View Single Post
  #16  
Old 03-23-2013, 06:37 PM
SchrodingersCat's Avatar
SchrodingersCat SchrodingersCat is offline
Senior Member
 
Join Date: Feb 2010
Location: Saskatchewan
Posts: 2,130
Default

Quote:
Originally Posted by Dirtclustit View Post
I felt stupid for being so naive, if you have children get them vaccinated. There are something like 40 different viruses that are all within the human papillomavirus "family" that can cause mouth, throat, and genital warts and in women cervical cancer.
There are actually over 100 types of HPV. There are two vaccines. Here's the dope:

Quote:
Originally Posted by Public Health Agency of Canada
What is HPV?

There are over 100 types of human papillomavirus (HPV), each one having a number to identify it, for example HPV-6, HPV-11, HPV-16 and HPV-18. Human papillomaviruses are viruses that can infect many parts of the body. Some types of HPV are sexually transmitted and can cause warts or other consequences such as cancer (e.g., cervical, penile and anal). The types of HPV that infect the anal and genital (anogenital) areas are not the same as the ones that infect other areas of the body such as the fingers, hands and face. The types which cause anogenital warts do not usually cause cancer.

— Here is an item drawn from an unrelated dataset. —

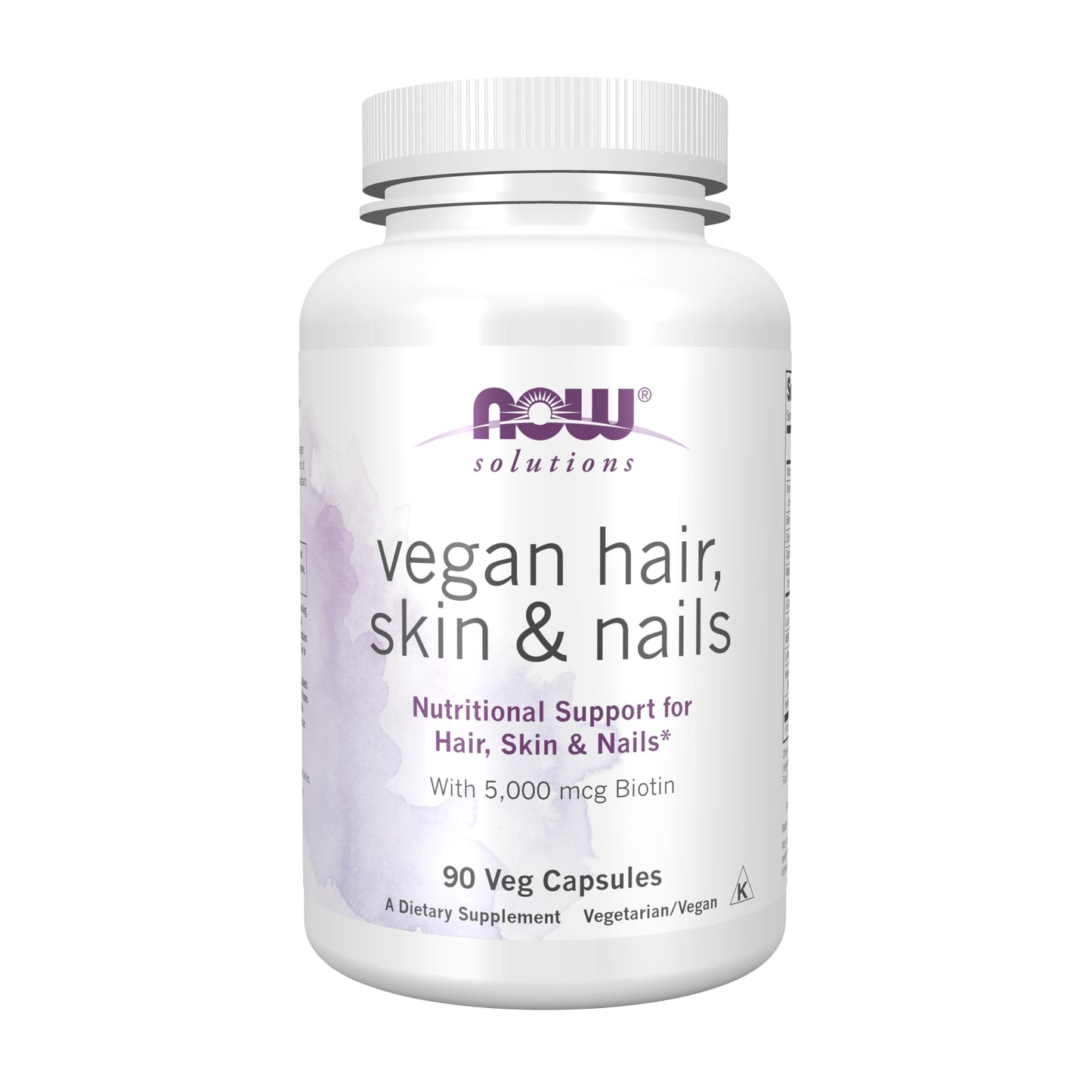 NOW Foods Vegan Hair, Skin & Nails Biotin 5,000 mcg Capsules, 90 Count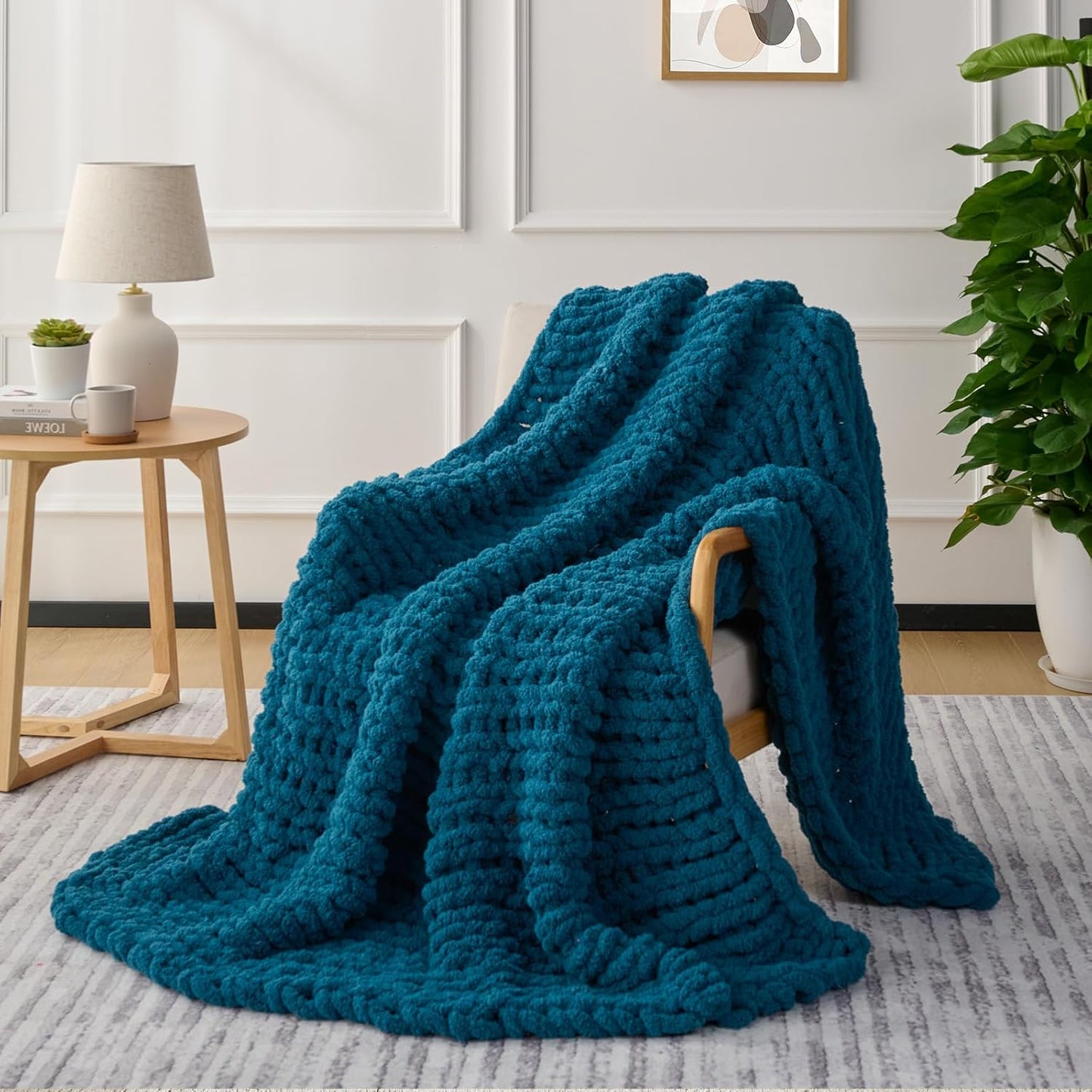 L'AGRATY Chunky Knit Blanket Throw: 80''x90'' Chenille Chunky Knitted Throw Blankets for Bed Couch - Handmade Thick Big Cable Knit Blanket - Large Crochet Rope Blankets for Home Decor(Blue)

The various types of HPV are often classified into low and high risk according to their association with cancer. The “low-risk” types are rarely associated with cancer. The “high-risk” types are more likely to lead to the development of cancer. Although certain types of HPV are associated with cancer, the development of HPV related cancer is considered a rare event.

How can you protect yourself from getting HPV?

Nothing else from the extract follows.